The author, Peter Headicar, is a reader in transport planning at Oxford Brookes where he leads the postgraduate teaching programme in transport.
The introduction to this book expresses an intention to make sense of the extensive and often complex procedures involved in transport policy and planning. However, this book is far more than a reference textbook, as it provides wide-ranging background information on how planning requirements and procedures have evolved and how they meet the needs of those involved in using and gaining benefit (or otherwise!) from them.
The book is divided into five parts, comprising 25 chapters, with the parts being sub-titled The Nature of Transport, The Evolution of Transport Policy and Planning, Ends and Means, Strategies, Plans and Planning Procedures, and The Contemporary Policy Agenda.
The first three chapters (in part 1) cover the factors affecting the requirements and use of transport (including the economy, costs, and alternative means of transport), the background to demand (such as centres of population, destinations, and reasons for use), and the impacts of transport (including health and the environment).
The five chapters in part 2 discuss the developments of transport modes over time: pre-1955 (before mass motorisation); 1955–1979 (the motorway age); political effects post-1979; ‘new realism' in the 1990s; and New Labour's ‘new deal' (1997–2004).
There are eight chapters in part 3: the first three covering ‘the state', and planning structures, and policy aims; the next four detailing policy instruments (infrastructure investment, regulation of vehicles and their operators and services, regulation of traffic, and fiscal measures); and the eighth behavioural changes.
The title of part 4 is Strategies, Plans and Planning Procedures and its six chapters cover national, regional, and local development strategies, local transport plans, project appraisal, and approvals procedures.
The final three chapters in part 5 look at the contemporary policy agenda, possible future scenarios, and ‘thinking afresh'.
At the end of the book is a seven-page bibliography, a four-page list of government publications and a 10-page index.
The 470 pages cannot really be described as ‘light' reading but the text is nevertheless very readable and widely informative. There is undoubtedly a mine of information between the covers and it is likely that anyone needing to navigate planning procedures will find the book a valuable asset, not only in understanding what planning requirements involve but also how and why they have developed.

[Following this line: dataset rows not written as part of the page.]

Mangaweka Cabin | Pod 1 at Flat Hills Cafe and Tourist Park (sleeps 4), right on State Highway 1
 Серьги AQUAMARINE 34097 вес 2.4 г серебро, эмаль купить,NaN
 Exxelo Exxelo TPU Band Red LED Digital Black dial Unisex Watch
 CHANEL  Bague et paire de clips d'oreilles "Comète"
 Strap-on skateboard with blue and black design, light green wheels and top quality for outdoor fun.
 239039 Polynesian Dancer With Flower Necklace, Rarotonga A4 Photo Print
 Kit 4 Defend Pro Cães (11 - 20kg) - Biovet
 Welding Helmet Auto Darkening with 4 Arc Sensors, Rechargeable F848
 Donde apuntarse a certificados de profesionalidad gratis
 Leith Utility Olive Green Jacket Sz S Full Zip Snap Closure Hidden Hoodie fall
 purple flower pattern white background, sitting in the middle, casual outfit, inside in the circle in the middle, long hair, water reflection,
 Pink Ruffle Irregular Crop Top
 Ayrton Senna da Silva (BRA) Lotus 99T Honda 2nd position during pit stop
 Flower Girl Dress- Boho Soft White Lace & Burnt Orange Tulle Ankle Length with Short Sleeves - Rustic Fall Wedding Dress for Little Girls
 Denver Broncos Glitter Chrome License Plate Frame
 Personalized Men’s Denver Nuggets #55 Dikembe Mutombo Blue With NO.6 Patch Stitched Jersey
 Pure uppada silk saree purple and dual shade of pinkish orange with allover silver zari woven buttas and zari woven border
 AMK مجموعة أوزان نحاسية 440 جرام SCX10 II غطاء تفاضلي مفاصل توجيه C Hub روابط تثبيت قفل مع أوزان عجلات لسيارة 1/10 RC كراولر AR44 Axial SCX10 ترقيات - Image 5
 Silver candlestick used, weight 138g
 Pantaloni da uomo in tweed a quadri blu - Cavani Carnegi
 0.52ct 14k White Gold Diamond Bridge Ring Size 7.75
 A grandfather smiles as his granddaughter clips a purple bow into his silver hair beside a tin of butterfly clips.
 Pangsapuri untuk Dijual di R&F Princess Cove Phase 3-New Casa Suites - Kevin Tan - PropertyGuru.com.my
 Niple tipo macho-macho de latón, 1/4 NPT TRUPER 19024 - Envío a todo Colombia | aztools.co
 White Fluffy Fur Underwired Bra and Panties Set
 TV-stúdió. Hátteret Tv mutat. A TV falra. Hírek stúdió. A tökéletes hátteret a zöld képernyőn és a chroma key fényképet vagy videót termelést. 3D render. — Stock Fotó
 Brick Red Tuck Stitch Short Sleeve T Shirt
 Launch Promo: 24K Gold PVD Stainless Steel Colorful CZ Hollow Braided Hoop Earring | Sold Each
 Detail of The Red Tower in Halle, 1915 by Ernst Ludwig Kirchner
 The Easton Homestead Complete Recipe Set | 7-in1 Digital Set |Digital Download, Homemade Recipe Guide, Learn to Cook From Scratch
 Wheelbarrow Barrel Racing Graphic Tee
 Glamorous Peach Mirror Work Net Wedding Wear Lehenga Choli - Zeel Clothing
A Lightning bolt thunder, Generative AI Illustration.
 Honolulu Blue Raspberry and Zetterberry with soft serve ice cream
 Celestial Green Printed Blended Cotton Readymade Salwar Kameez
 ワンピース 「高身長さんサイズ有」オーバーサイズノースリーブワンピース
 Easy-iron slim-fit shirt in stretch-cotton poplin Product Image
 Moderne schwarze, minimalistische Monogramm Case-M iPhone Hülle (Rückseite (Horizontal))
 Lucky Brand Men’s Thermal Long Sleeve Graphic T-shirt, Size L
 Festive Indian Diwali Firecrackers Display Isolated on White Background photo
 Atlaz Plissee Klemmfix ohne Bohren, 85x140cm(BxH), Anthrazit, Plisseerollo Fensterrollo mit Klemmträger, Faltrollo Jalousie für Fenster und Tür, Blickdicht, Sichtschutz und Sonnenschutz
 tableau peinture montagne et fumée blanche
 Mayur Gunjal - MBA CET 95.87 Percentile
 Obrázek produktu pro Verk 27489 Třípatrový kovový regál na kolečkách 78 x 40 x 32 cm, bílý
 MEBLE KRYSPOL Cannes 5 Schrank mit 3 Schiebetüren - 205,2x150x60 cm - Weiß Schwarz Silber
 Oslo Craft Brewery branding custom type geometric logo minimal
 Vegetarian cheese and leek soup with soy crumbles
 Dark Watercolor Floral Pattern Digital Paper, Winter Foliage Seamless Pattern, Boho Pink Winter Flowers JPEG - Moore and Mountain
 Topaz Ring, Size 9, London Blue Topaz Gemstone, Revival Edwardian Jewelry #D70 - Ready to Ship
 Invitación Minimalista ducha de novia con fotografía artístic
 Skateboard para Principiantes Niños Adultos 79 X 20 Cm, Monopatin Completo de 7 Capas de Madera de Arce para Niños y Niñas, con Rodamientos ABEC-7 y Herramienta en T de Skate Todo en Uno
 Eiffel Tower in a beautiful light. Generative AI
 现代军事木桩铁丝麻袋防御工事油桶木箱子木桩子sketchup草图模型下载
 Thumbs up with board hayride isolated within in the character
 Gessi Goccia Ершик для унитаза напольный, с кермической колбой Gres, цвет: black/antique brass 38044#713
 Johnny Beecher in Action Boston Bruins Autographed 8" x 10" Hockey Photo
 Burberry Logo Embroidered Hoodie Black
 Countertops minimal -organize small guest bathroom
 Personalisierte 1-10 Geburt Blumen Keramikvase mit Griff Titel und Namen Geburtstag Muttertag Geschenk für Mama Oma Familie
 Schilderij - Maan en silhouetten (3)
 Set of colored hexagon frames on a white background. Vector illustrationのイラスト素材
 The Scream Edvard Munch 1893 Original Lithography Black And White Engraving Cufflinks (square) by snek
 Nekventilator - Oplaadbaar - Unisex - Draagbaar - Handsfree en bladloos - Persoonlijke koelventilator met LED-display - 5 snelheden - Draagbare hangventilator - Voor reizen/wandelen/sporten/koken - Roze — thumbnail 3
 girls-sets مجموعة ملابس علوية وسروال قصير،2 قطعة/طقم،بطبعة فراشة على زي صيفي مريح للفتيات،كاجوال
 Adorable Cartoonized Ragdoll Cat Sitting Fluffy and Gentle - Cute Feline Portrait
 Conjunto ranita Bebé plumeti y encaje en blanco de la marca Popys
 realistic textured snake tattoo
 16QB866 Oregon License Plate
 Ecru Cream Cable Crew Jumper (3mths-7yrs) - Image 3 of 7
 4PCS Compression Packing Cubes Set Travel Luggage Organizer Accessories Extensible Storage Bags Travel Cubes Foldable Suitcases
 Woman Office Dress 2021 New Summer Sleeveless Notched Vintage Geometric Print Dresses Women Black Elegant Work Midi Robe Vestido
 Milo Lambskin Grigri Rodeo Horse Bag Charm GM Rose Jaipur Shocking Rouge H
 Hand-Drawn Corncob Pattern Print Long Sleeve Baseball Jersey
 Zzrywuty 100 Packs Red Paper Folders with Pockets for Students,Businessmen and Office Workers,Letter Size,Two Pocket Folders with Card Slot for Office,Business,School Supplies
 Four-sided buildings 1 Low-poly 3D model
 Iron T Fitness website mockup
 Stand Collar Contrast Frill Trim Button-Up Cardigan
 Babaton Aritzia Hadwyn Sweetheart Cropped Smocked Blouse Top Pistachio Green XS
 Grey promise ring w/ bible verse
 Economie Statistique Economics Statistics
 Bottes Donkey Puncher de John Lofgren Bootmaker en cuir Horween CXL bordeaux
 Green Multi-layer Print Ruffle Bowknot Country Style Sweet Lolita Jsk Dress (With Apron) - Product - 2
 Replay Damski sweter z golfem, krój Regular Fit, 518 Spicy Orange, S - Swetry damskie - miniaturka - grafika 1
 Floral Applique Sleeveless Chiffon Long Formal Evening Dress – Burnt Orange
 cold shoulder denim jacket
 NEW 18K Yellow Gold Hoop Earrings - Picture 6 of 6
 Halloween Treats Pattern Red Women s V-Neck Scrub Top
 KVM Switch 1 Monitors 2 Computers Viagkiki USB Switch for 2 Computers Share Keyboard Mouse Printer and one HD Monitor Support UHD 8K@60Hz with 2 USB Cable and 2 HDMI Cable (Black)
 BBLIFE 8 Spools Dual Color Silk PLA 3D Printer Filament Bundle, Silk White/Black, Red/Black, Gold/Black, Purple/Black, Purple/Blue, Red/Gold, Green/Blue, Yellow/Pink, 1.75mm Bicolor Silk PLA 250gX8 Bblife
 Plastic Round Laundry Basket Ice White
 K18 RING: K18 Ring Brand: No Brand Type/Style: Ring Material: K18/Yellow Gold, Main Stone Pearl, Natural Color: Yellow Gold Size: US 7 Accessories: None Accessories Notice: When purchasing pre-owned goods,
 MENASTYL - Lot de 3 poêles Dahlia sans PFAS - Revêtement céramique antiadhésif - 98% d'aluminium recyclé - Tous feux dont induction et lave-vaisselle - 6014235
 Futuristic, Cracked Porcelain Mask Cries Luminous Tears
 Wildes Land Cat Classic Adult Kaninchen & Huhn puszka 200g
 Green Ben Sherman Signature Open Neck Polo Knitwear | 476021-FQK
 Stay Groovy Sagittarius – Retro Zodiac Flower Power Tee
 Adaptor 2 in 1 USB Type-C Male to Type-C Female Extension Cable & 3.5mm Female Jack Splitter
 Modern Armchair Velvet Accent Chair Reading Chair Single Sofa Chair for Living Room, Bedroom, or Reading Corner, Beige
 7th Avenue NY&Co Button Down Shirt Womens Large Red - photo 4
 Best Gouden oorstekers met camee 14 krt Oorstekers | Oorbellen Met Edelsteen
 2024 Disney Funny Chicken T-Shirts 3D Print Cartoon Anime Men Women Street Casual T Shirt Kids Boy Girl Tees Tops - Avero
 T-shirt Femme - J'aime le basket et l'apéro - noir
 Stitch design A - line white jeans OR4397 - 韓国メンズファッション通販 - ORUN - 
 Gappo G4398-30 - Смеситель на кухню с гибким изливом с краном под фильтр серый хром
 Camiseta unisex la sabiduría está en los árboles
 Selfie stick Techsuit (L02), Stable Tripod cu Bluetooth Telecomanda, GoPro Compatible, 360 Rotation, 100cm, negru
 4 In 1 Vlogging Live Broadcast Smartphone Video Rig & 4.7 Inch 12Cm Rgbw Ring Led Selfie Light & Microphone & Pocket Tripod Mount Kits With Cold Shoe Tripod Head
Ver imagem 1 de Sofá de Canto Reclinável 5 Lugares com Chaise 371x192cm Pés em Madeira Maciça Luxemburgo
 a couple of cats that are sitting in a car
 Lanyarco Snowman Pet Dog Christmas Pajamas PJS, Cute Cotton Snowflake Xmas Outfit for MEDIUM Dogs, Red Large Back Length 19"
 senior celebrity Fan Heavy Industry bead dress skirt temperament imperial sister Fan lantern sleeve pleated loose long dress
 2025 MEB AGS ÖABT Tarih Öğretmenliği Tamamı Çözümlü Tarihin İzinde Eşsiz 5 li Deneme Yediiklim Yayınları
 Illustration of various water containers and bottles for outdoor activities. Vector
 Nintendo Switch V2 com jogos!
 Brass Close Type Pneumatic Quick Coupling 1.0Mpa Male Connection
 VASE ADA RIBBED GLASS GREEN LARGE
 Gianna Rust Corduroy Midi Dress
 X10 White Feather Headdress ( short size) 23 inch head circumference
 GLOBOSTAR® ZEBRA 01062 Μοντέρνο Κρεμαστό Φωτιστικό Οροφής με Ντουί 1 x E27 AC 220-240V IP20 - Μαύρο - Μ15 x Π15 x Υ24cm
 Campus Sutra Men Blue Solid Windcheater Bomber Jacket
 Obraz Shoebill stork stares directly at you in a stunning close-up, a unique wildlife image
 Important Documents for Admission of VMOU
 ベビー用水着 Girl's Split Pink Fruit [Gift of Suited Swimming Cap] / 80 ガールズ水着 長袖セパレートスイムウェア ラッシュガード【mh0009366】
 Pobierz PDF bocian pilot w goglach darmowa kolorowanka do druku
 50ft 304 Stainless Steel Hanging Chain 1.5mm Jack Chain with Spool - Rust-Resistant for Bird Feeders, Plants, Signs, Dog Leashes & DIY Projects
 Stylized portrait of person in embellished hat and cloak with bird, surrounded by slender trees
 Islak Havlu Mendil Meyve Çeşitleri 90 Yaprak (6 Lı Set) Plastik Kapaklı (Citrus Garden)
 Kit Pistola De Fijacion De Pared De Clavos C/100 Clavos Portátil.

The book is written in an entertaining style with a very wide overview of factors contributing to the transport planning needs, such as urban and regional planning, environmental implications, and over-riding general policies. The layout of the book is well defined and clearly (and attractively) presented and the extensive index should permit easy access to particular information, be it the Red Flag Act of 1865, the Railways Act of 2005, or virtually any relevant information in between.
This should be a valuable book to anyone with interest in the transport planning field.